John Allen has distinguished himself, not only as a teacher and scholar, but also as someone who lives out much of what he imparts to his students in the classroom.

As a teacher at U.W. Milwaukee, U.W. Waukesha, Marquette University, and now at Milwaukee Area Technical College, John has taught a wide variety of writing and literature courses. His love of reading and literature probably began and was stimulated when his mother, who worked in the SNC library, regularly brought him to work where he explored the library’s resources and read widely. He now credits his mother, Beverly, and these early experiences for instilling confidence in his research and writing abilities.

As a St. Norbert College student, and as an English and Communication major, John spent even more time in the library. He credits his teachers, especially Bob Boyer, Kyoko Mori, John Neary, and Steve Westergan, who offered him interesting classes, constructive advice and encouragement, and prompted him to pursue graduate studies that culminated in earning his Ph.D. in English (literary studies emphasis) from the University of Wisconsin-Milwaukee in 2001. John gives special credit to John Neary for providing a model of the ideal English teacher.

But, there was another very important influence on John’s career and life as an extension of his life in the classroom. Dr. Karina O’Malley, Professor Emeritus of Sociology at SNC, taught John “that you have to put your beliefs into action.” In her classes, and by the example of her own life, O’Malley demonstrated to him ”… the importance of putting social justice into practice.” While he was a student at SNC, John was active in a group of students who worked with O’Malley to help found the very first homeless shelter in the Green Bay area, a shelter that was much needed and that led to the establishment of several other such shelters in the region.

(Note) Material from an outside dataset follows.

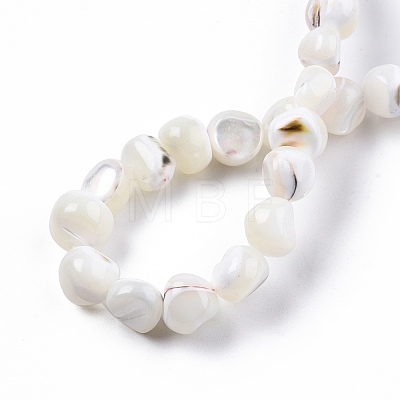 Natural Trochid Shell/Trochus Shell Beads Strands SSHEL-N032-48-B01-1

Since then, John has been a frequent volunteer in homeless shelters. In the classroom, he tells his students how he “learned more about homelessness by working in shelters than I did by writing a book or reading hundreds of other books and articles on the subject.” He also encourages his students to participate in service learning activities outside the classroom.

His students have commented that John’s classes “have made them reconsider their opinion on ... complex social issues …” Since graduation, he has taught, written, and lectured on literature and social justice in the context of homelessness, the death penalty, prison, gangs, immigration, and hate crimes.

In 2004, John published his book, Homelessness in American Literature: Romanticism, Realism and Testimony. Subsequently, his book won the 2005 Faculty Research Award for the best research publication by a University of Wisconsin Colleges faculty member. At present, he is editing a collection of essays about Sr. Helen Prejean’s Dead Man Walking. In addition, he has written articles and made over 20 presentations at regional and national conferences.

In sum, John’s life and career are testimonies to his dedication to teaching literature and to social justice–interests that began and developed while he was a student at St. Norbert College.